BLUF: Share price 230p, estimated value 200p, implied downside 13%
In light of Tesco’s announcement to reduce their dividend, I thought it would be worthwhile having a stab at a possible valuation for Tesco. My previous valuation in March (http://wp.me/p2eZvw-Ck) put a value of 360p at a time when the share price was 291p, with an implied upside of 24%.
My new estimate of value, 200p, is a significant reduction from 360p, and pushes the share price from being undervalued to overvalued, despite a reduction in the share price. Such a radical shift should not normally be expected, as it is more usual to make only minor tweaks to the model in the light of new information.
However, the recent announcement by Tesco signals a large downward movement in the overall dividend – a basic input to the valuation model.
It is difficult to decide what the new rebased dividend should be – but that’s what makes the game so interesting. I outline the valuation below.

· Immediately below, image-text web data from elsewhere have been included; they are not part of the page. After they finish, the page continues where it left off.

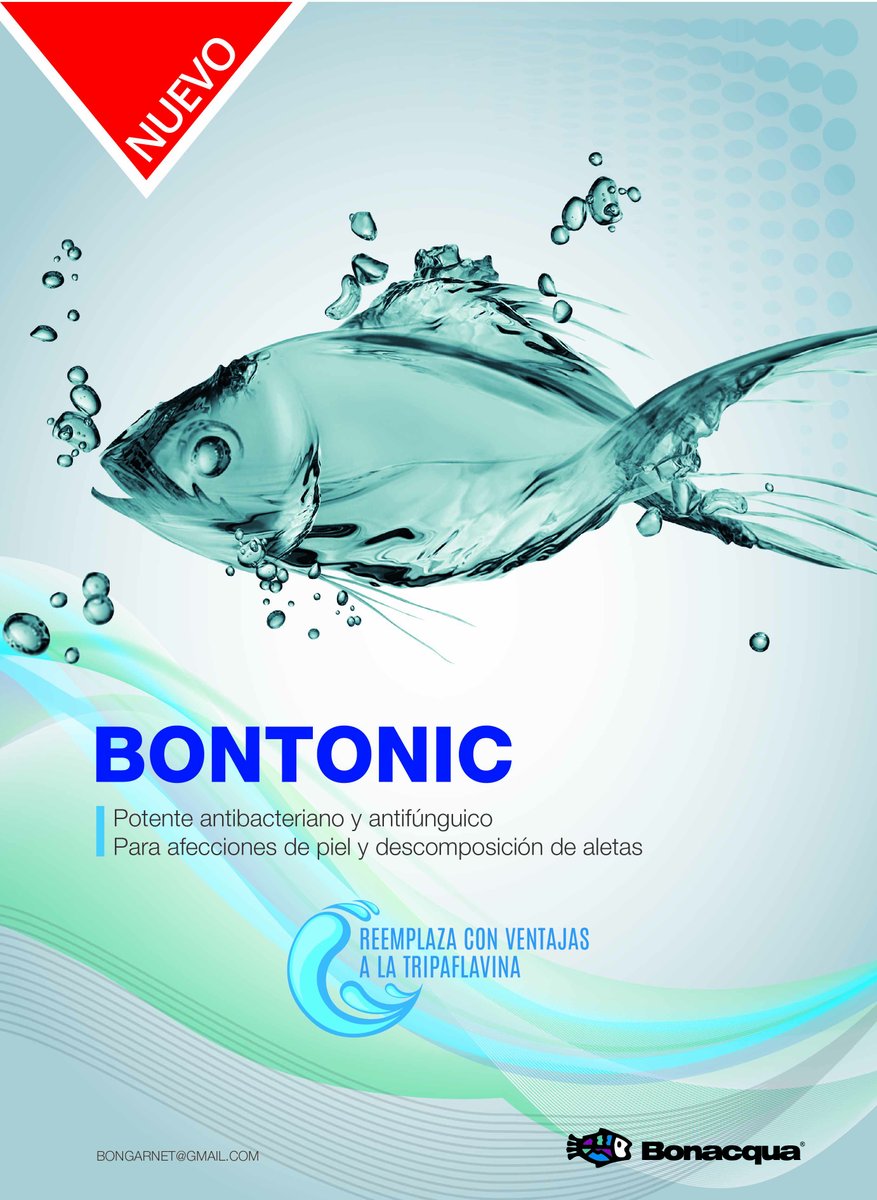 MundoMascota4's tweet photo. Mantener las peceras limpias es mucho más fácil con Bontonic, de Bonacqua, un poderoso antibacteriano y antifúngico que mantiene sanos a los peces y el agua 🐠💧

Revista Mundo Mascota
https://t.co/0uyWm0sJ0v https://t.co/DsOnuU4q3w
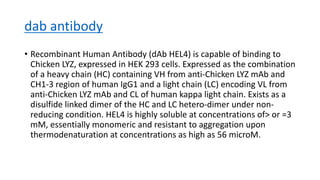 dab antibody
• Recombinant Human Antibody (dAb HEL4) is capable of binding to
Chicken LYZ, expressed in HEK 293 cells. Expressed as the combination
of a heavy chain (HC) containing VH from anti-Chicken LYZ mAb and
CH1-3 region of human IgG1 and a light chain (LC) encoding VL from
anti-Chicken LYZ mAb and CL of human kappa light chain. Exists as a
disulfide linked dimer of the HC and LC hetero-dimer under non-
reducing condition. HEL4 is highly soluble at concentrations of> or =3
mM, essentially monomeric and resistant to aggregation upon
thermodenaturation at concentrations as high as 56 microM.
 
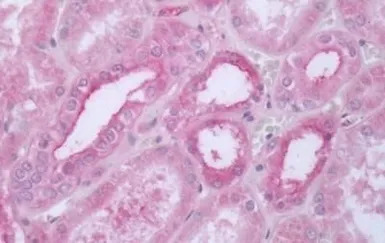 5-HT1D receptor antibody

Let me start off with an earnings estimate. Analysts have an EPS of 23.61p for 2015, and 21.23p for 2016. These will probably need to be reducted, so I will estimate an EPS of 20p. Next, I will apply a dividend cover of 2.46 – which is the highest covering it has had over the last decade. So I am estimating a dividend next year as 8.13p.
Recall our Gordon Dividend Growth Model:
P = D/ (k-G) … 
P = stock value
D = expected dividend per share one year from now
k = required rate of return for equity investor
G = growth rate in dividends (in perpetuity)
I am now going to assume that the growth rate in dividends, G, is the risk-free rate. This is a general default assumption. However, you might want to assume that their dividends will never grow, and set G=0.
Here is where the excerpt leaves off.